A
votação da chamada “PEC dos gastos”, tão fundamental para interromper a
caminhada rumo ao abismo, é um excelente momento para uma reflexão
nacional: todo mundo se diz a favor das reformas, da austeridade, da
responsabilidade fiscal, desde que... não atinja a sua própria
corporação e seus privilégios.
Afora uma exceção ou outra, os
economistas e especialistas são majoritariamente a favor de um teto de
gastos públicos durante os próximos 20 anos, quando o aumento do gasto
estará atrelado à inflação do ano anterior. Tem, usa. Não tem, não usa.
Mas grupos específicos se armam até os dentes, principalmente de
pareceres técnicos, para bombardear uma medida que interessa a todo o
País, mas pode, um dia, quem sabe, vir a prejudicá-los.
Foi assim
que surgiu do nada, na noite de sexta-feira, a três dias do início da
votação, uma “nota técnica” da Procuradoria-Geral da República, mas sem a
assinatura de Rodrigo Janot, declarando que a PEC fere a cláusula
pétrea da Constituição que estabelece a independência entre os Poderes.
Pela nota, o Executivo estaria se arvorando um “superórgão” controlador
dos demais Poderes, inviabilizando o cumprimento das funções
constitucionais e institucionais do Ministério Público e prejudicando o
combate à corrupção.
Nesta segunda-feira, 10, também a Associação
Nacional dos Defensores Públicos Federais (Anadef) recriminou a PEC. No
primeiro parágrafo, reclamou genericamente que a medida “reduzirá os
gastos federais em educação, saúde e em programas sociais relevantes”.

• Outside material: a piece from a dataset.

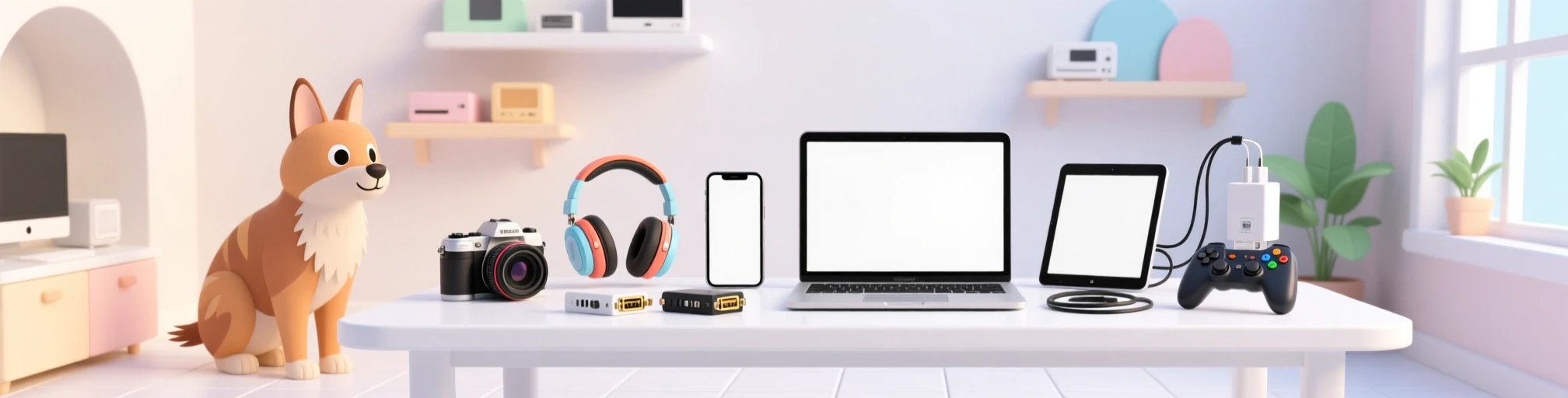 مقسمات ومفاتيح تحويل DVI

Só no segundo, foi ao ponto central: “A proposta compromete e limita a
atuação da Defensoria Pública da União”, pois vai “na contramão da
garantia ao acesso à Justiça pela população de baixa renda”. Para bom
leitor, o recado é claro: Não mexam nos nossos privilégios!
Pragmático,
o ministro do Supremo Luís Roberto Barroso respondeu indiretamente a
essas duas críticas ao negar um pedido do PT e do PCdoB para interromper
a votação da PEC na Câmara. Ele argumentou que não houve uma “clara
violação de cláusula pétrea” e que o Congresso é a instância própria
para os debates públicos sobre escolhas políticas feitas pelo Estado e
pela sociedade. Sua conclusão: “Salvo hipóteses extremas, não deve o
Judiciário coibir a discussão de qualquer matéria de interesse
nacional”. Atenção ao “interesse nacional”.
A seu estilo, e sem
os limites de um parecer oficial, o também ministro Gilmar Mendes
classificou a nota dos procuradores de “absurdo total”, ironizando: “Ela
foge ao meu alcance, talvez seja algo muito elevado para a minha
inteligência”. E emendou a pergunta incômoda: “Será que a União deve se
endividar para pagar os ricos procuradores da República?”. A origem de
Gilmar é o MP...
Por falar em “ricos procuradores”, o pesquisador
da FGV José Roberto Afonso levantou, e o Estado publicou, que seis das
dez categorias mais bem pagas no País são do serviço público. Num
momento, aliás, em que os Estados mal conseguem pagar salários em dia e
seis deles, mais o DF, nem têm como pagar o 13.º salário dos
funcionários. Uma herança maldita, claro, de gestões populistas que, em
nome do estatismo e de um nacionalismo arcaico, incharam a máquina,
afugentaram investimentos e deixaram 12 milhões de cidadãos e cidadãs
sem emprego.
Apesar de tudo isso, é justamente do serviço público
que partem os maiores ataques contra o ajuste fiscal, o teto de gastos,
a reforma da Previdência e outras medidas essenciais para reaquecer a
economia e combater o dramático desemprego. Todo mundo deve ter direito a
bons salários, mas a calamidade atual não está em quem tem renda
garantida e, na prática, não pode ser demitido. Está, sim, em quem não
tem emprego nem renda. Essa é a prioridade.